• Excerpted records:
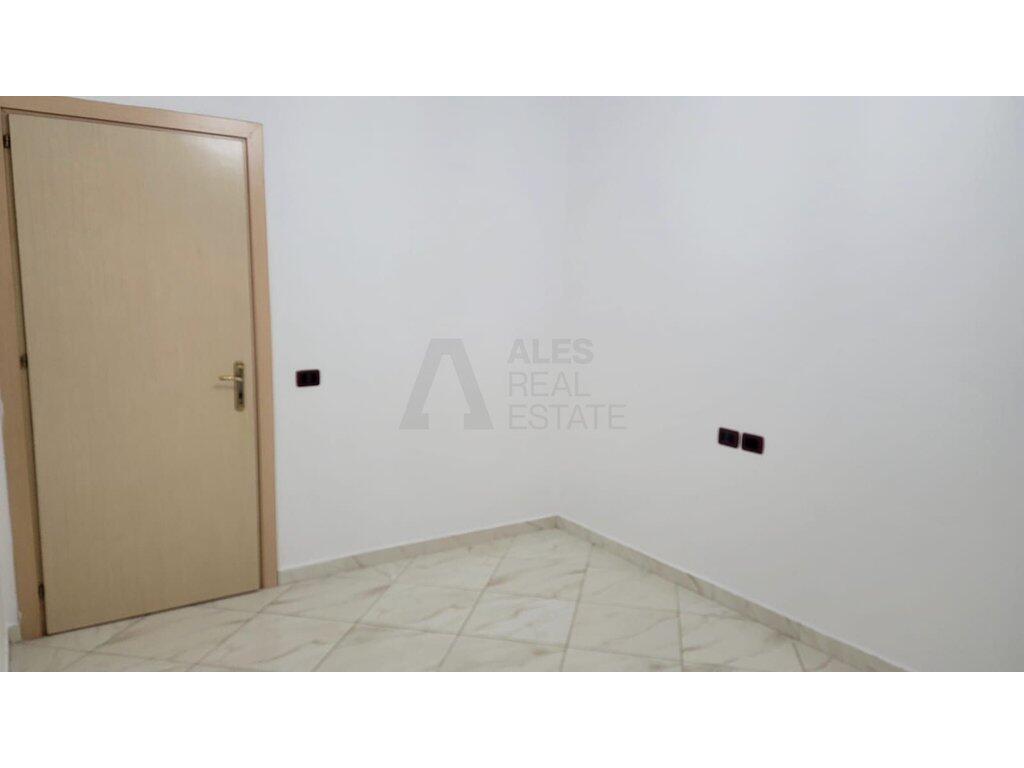 Jepet Apartament 2+1 me qira !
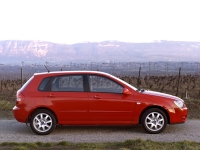 Kia Cerato Hatchback (1 generation) 1.6 AT (105hp) photo, Kia Cerato Hatchback (1 generation) 1.6 AT (105hp) photos, Kia Cerato Hatchback (1 generation) 1.6 AT (105hp) picture, Kia Cerato Hatchback (1 generation) 1.6 AT (105hp) pictures, Kia photos, Kia pictures, image Kia, Kia images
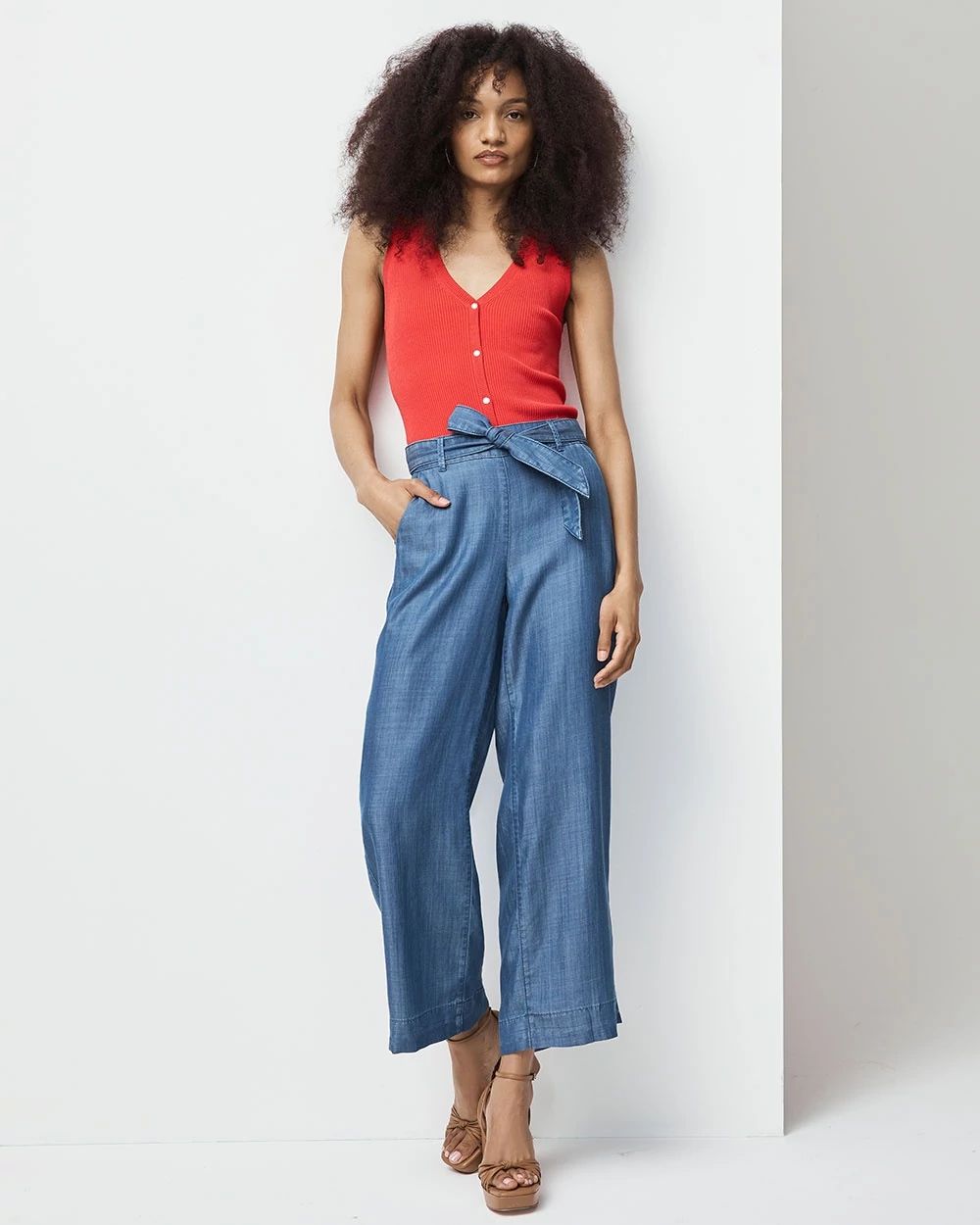 White house black market crop pants top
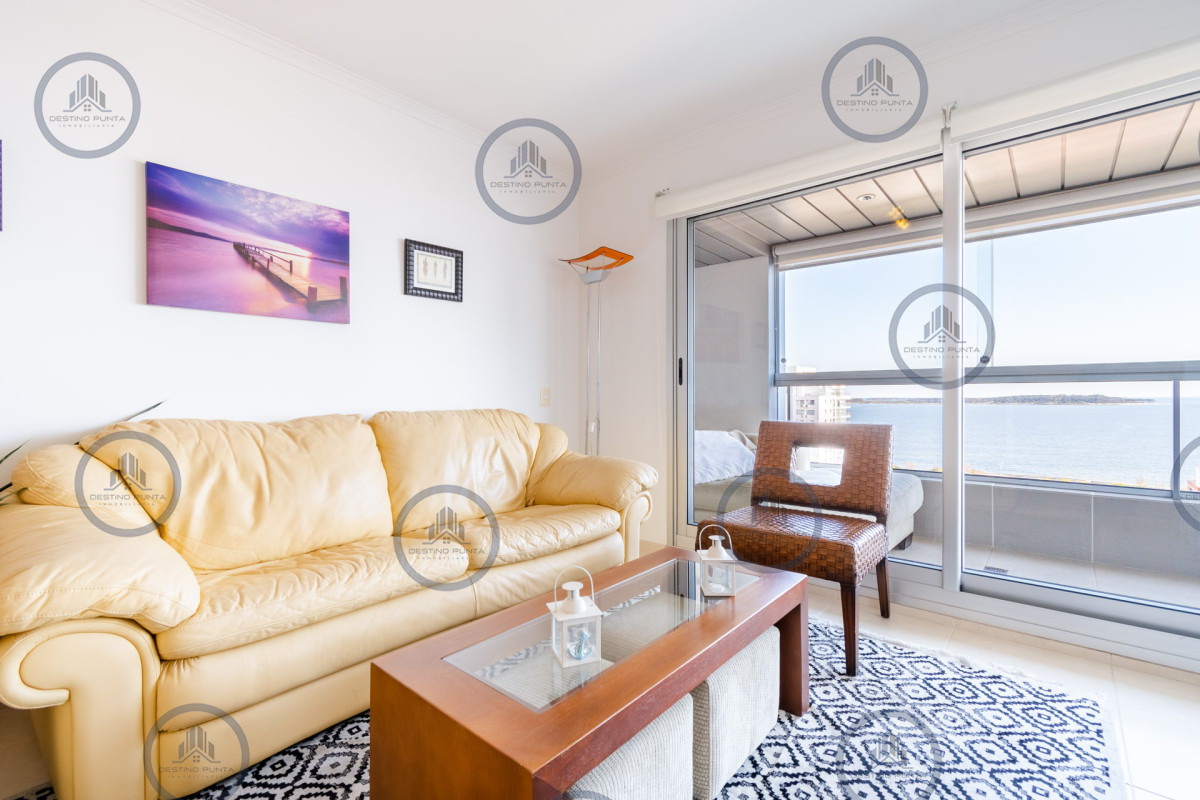 Apartamento ID.364 - Excelente Apartamento de 2 Dormitorios y Parrillero, Playa Mansa Punta del Este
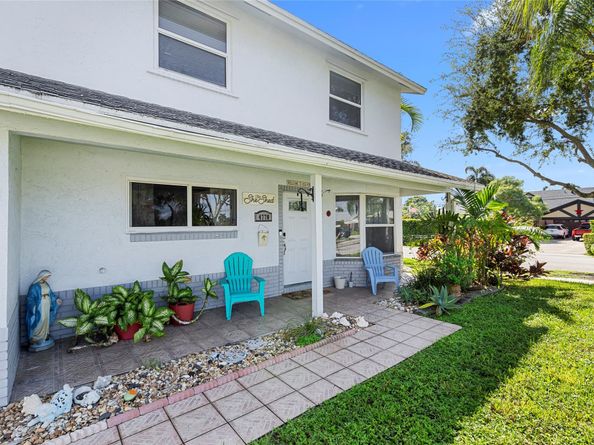 4770 SW 57th Ter, Davie FL 33314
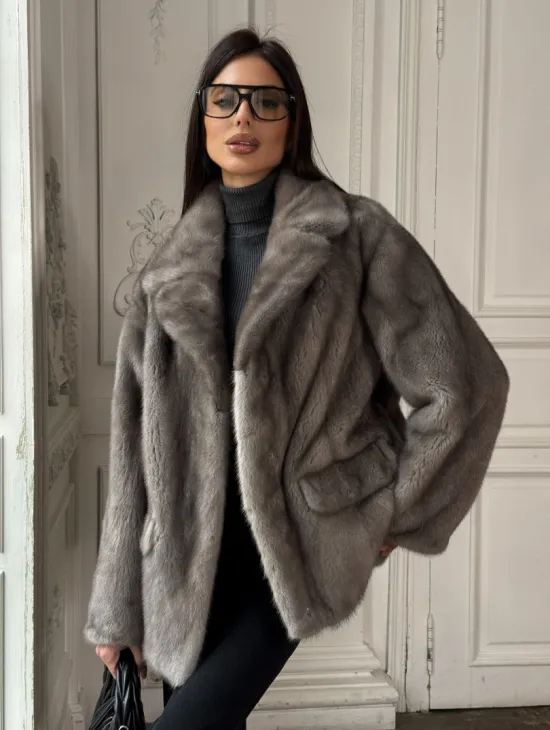 Норковый жакет классического кроя с прорезными карманами клапанами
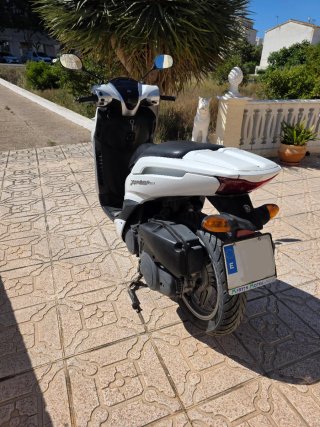 Yamaha Xenter 125cc Scooter Automática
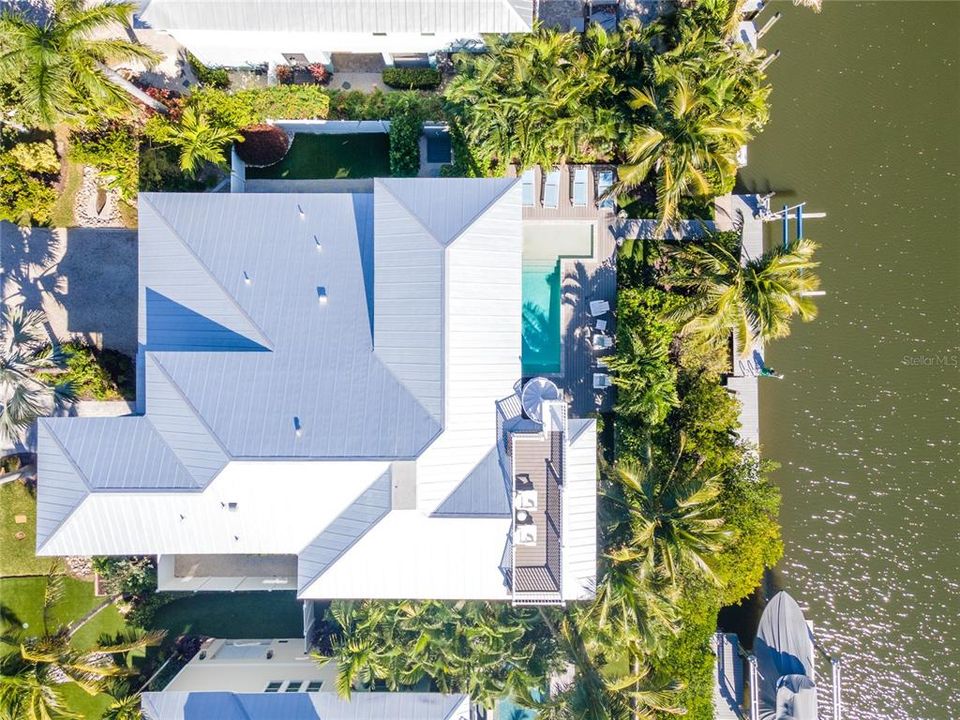 待售: $5,000,000 (4 贝兹, 4 浴室, 3385 平方英尺)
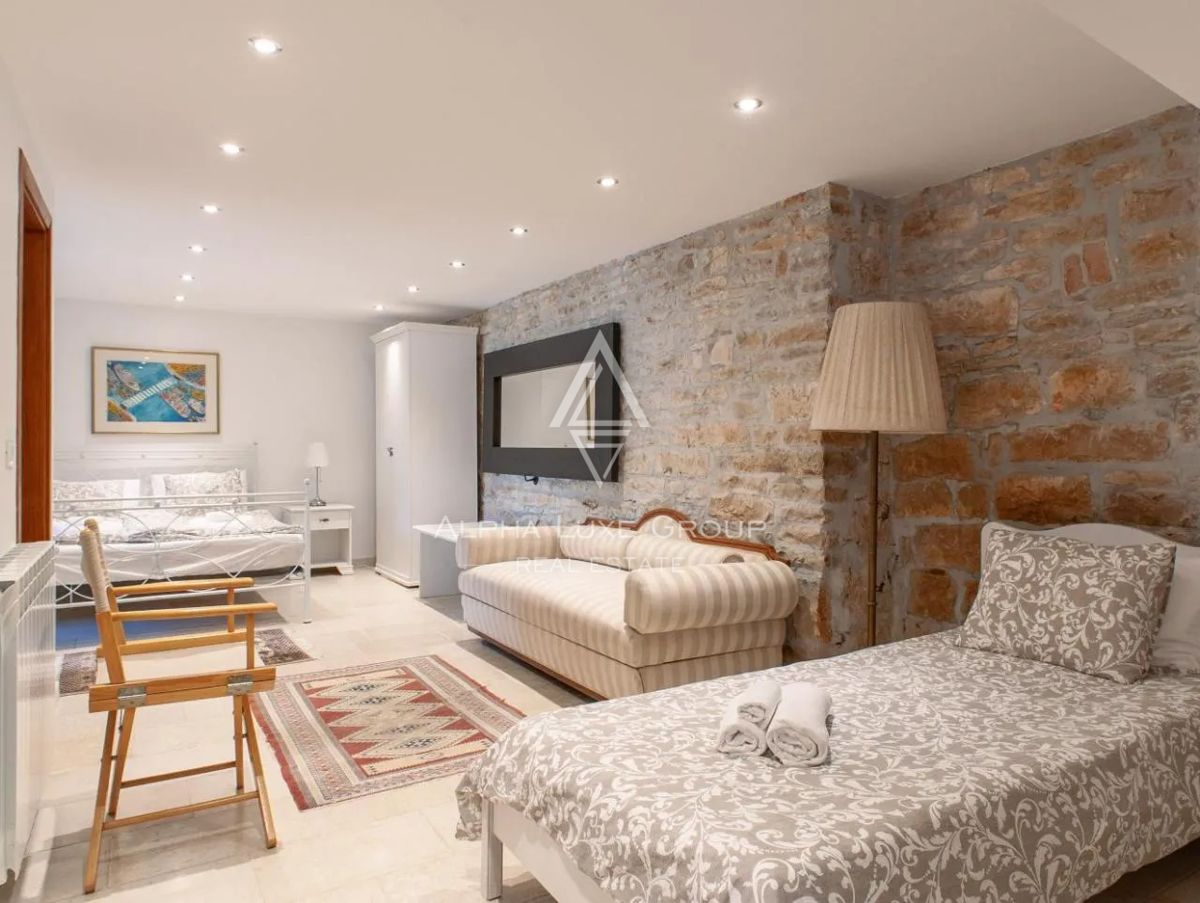 Pazin, Istria – Villa in pietra ristrutturata con piscina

• Activity:
From the material above, reproduce everything verbatim except the pictures.

• Exercise solution:
 Jepet Apartament 2+1 me qira !
 Kia Cerato Hatchback (1 generation) 1.6 AT (105hp) photo, Kia Cerato Hatchback (1 generation) 1.6 AT (105hp) photos, Kia Cerato Hatchback (1 generation) 1.6 AT (105hp) picture, Kia Cerato Hatchback (1 generation) 1.6 AT (105hp) pictures, Kia photos, Kia pictures, image Kia, Kia images
 White house black market crop pants top
 Apartamento ID.364 - Excelente Apartamento de 2 Dormitorios y Parrillero, Playa Mansa Punta del Este
 4770 SW 57th Ter, Davie FL 33314
 Норковый жакет классического кроя с прорезными карманами клапанами
 Yamaha Xenter 125cc Scooter Automática
 待售: $5,000,000 (4 贝兹, 4 浴室, 3385 平方英尺)
 Pazin, Istria – Villa in pietra ristrutturata con piscina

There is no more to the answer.